By STEVEN JUPITER
PITTSFORD—If you dig around in local barns, garages, or antique shops, you’ll almost surely find a pair of vintage Vermont Tubbs snowshoes. Expertly crafted of bent wood and strips of rawhide, they’re beautiful as well as functional—it’s not uncommon to find a pair hanging as décor in local homes and camps.
Yet, when Baird Morgan bought the company in 1968, it was struggling to find a market for its products.
“The U.S. government had put out contracts for thousands of snowshoes during WWII,” said Morgan at his home in Pittsford, where he’s lived for 55 years. “There was an enormous surplus. The market was saturated.”
Plus, in the post-war years, snowshoes were utilitarian, intended for hunters or power-company linemen who needed to access utility poles.
But Morgan had a different vision for the company.
“Snowshoeing wasn’t a sport in the 1950s,” said Morgan. “My contribution to the industry was making snowshoeing a sport.”
Morgan had left a career as a math teacher in Pennsylvania in the early 1960s to help found a “3rd-level air carrier” in Burlington, Vermont. That company, Northern Airways, shuttled air passengers from larger airports to regional airfields—like today’s Cape Air, which flies passengers from Rutland to Boston and Cape Cod.
But Morgan wanted to branch out into manufacturing and began to look around for an opportunity.
“My father was in manufacturing in Pennsylvania,” he said. “Watching things being made was fascinating. I wanted to do something similar.”
A college friend tipped him off to a small snowshoe company in Wallingford, Vermont that was looking for a buyer: Vermont Tubbs. The owner at the time, Harold Underwood, was “a bit rough” but he and Morgan hit it off.
“I was young and naïve and spent too much money on it,” laughed Morgan. But Morgan would eventually expand Vermont Tubbs from a struggling snowshoe maker with 3 employees in Wallingford to a successful furniture manufacturer that employed scores of people in Brandon.
“When I took over, we were selling to hardware stores, not sporting goods shops,” he said.
Part of Morgan’s retail strategy involved demonstrating the handicraft that went into the shoes at trade shows.

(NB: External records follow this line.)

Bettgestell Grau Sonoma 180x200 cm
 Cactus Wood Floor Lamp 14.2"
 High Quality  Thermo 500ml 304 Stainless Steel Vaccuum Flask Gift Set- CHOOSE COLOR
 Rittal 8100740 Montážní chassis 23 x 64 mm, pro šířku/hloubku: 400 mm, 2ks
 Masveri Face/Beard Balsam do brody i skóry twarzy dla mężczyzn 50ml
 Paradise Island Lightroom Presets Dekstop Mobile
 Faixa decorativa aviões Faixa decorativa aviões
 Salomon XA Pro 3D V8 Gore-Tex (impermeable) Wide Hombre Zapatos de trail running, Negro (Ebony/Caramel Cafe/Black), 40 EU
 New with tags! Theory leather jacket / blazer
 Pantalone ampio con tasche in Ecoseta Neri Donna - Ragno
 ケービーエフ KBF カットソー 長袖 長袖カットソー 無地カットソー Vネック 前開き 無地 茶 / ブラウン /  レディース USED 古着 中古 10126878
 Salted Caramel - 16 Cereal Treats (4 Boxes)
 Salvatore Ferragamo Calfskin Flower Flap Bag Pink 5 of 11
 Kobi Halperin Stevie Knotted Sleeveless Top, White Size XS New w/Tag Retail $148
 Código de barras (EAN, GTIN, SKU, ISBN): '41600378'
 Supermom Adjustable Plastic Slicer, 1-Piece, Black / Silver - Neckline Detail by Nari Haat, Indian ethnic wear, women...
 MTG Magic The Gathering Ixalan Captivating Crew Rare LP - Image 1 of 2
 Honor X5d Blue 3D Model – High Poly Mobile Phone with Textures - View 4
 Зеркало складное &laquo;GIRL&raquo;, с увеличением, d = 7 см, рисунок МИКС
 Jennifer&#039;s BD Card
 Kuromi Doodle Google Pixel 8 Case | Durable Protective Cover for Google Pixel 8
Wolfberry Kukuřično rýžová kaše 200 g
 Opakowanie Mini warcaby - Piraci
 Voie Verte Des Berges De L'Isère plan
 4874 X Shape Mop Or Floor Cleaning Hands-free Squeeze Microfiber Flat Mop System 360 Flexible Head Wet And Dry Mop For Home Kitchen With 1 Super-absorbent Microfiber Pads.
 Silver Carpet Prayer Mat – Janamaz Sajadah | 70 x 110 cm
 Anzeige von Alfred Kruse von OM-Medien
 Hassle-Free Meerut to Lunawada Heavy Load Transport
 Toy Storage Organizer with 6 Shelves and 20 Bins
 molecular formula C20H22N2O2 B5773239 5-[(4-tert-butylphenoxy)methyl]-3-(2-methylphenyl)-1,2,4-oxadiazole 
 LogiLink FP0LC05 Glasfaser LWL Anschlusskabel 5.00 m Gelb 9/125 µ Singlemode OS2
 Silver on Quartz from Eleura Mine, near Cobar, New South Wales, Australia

“In 1970 or 71, we had a little 10’ x 10’ booth at the National Sporting Good trade show in Chicago,” Morgan recalled. “We knew we’d be surrounded by huge companies with attractive women demonstrating their products. So, we had a woman demonstrate how to string a snowshoe with the rawhide strips. We soaked the rawhide in the hotel bathtub overnight to make it supple and had the lady string shoes all day at the show. People were mesmerized. That was the beginning of the snowshoe craze.”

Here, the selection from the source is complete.